* _What the exercise asks_: Every line from the one with "Montessori Infant Wooden" through the final line of the data below goes in the answer, copied exactly. Pictures do not.

* _Exercise data_:
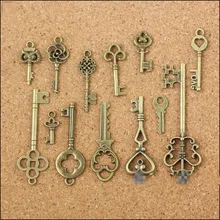 Novo 13 sortido antiguidade vintage olhar de bronze pingentes chave colecionáveis bom presente
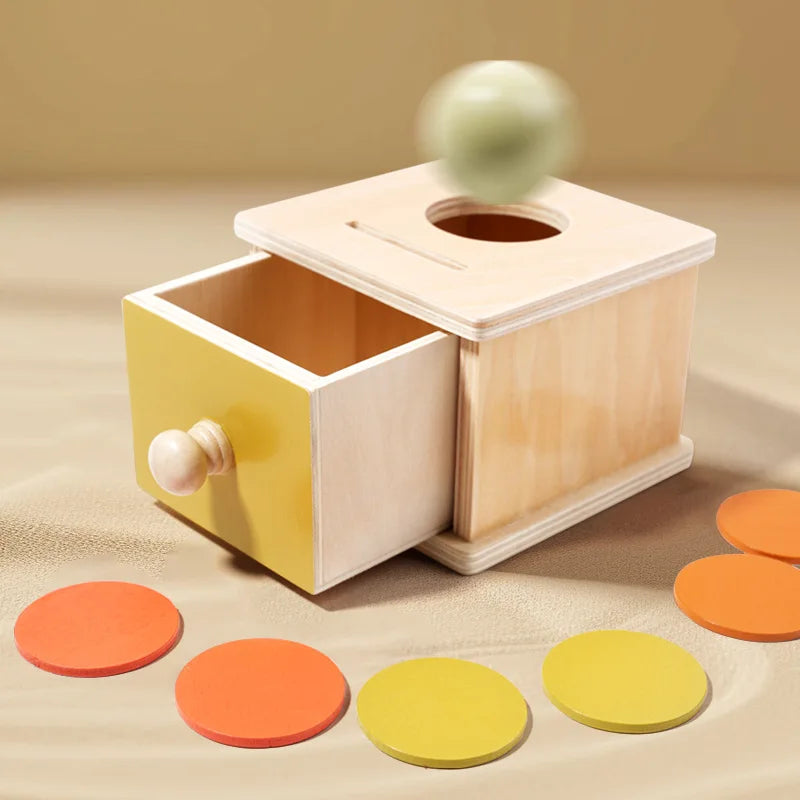 Montessori Infant Wooden Toys Color Spinning Coin Box Macaron Wooden Toys Permanent Box Round Rectangular Box Baby Toys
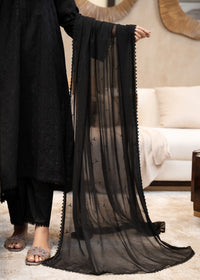 Black Chiffon Embroidered Dupatta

* _Answer to the exercise_:
 Montessori Infant Wooden Toys Color Spinning Coin Box Macaron Wooden Toys Permanent Box Round Rectangular Box Baby Toys
 Black Chiffon Embroidered Dupatta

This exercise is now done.